### Exercise description
With "capaster" as the search word, show every line of the material that has it.

### Given data
::::::::::

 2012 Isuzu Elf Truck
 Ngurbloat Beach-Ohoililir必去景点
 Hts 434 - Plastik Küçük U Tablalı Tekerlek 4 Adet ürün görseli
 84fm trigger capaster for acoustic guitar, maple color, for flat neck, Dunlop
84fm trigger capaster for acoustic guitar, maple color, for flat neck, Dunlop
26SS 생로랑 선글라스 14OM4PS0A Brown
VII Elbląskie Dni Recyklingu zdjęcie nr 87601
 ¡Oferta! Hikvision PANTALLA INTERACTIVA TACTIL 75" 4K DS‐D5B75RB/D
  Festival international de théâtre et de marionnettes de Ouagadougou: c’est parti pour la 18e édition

::::::::::

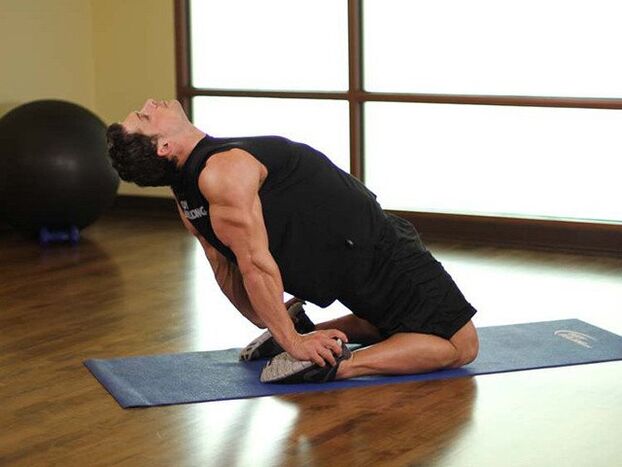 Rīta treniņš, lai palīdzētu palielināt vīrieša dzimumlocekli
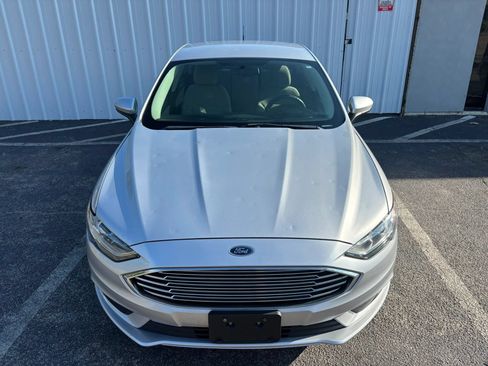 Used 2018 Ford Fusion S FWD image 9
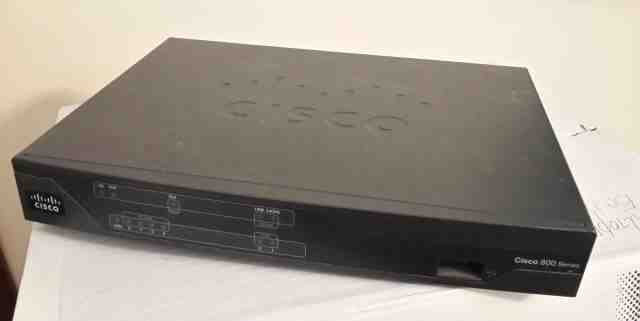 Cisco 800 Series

::::::::::

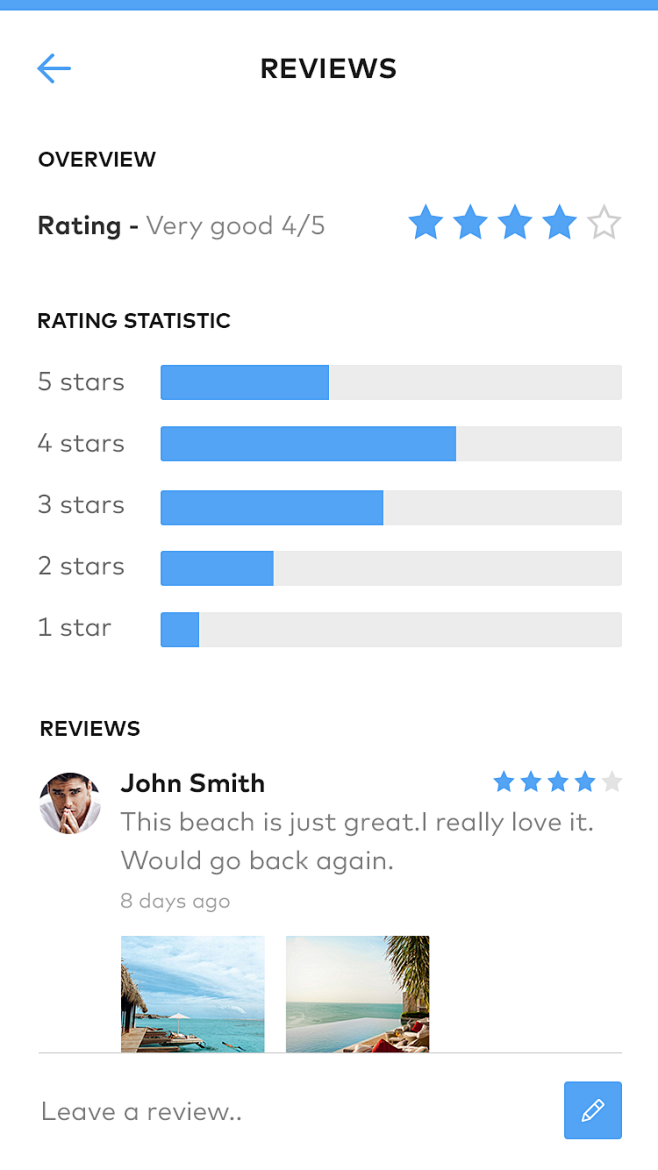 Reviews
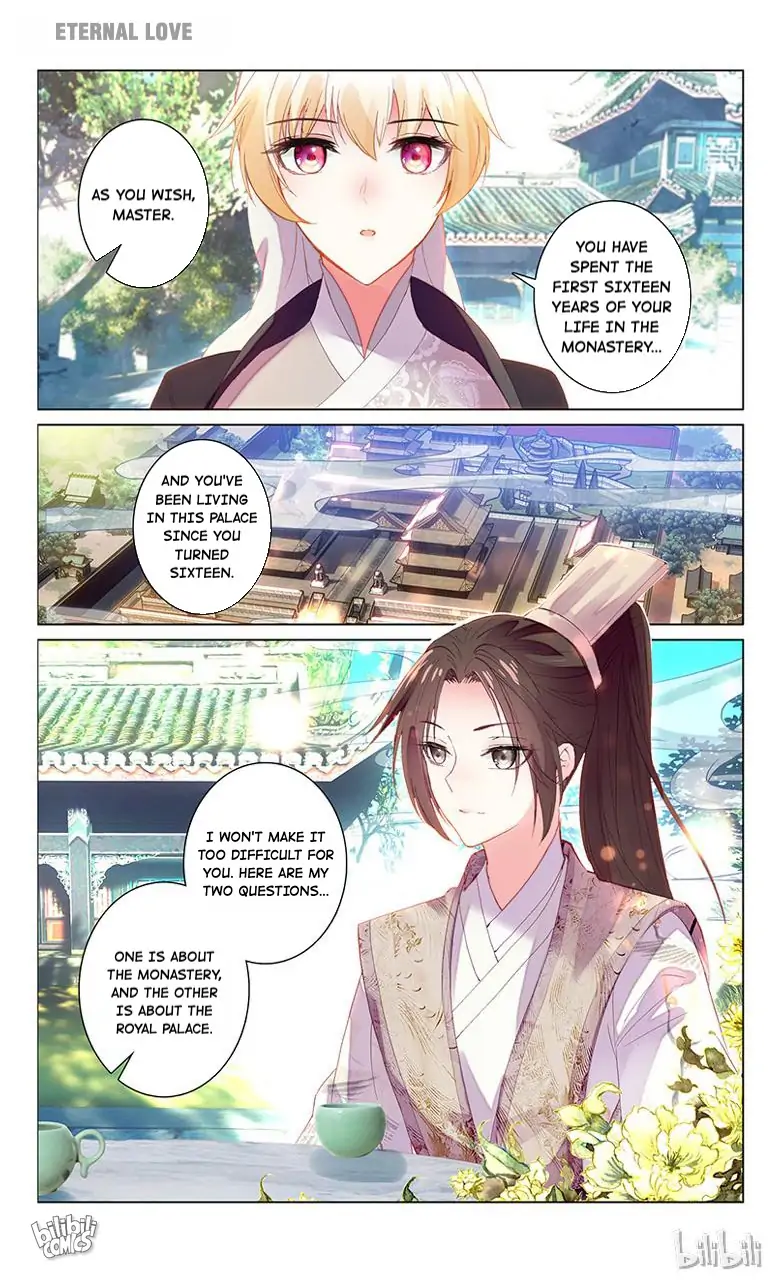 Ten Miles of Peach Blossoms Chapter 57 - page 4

::::::::::

### Exercise response
 84fm trigger capaster for acoustic guitar, maple color, for flat neck, Dunlop
84fm trigger capaster for acoustic guitar, maple color, for flat neck, Dunlop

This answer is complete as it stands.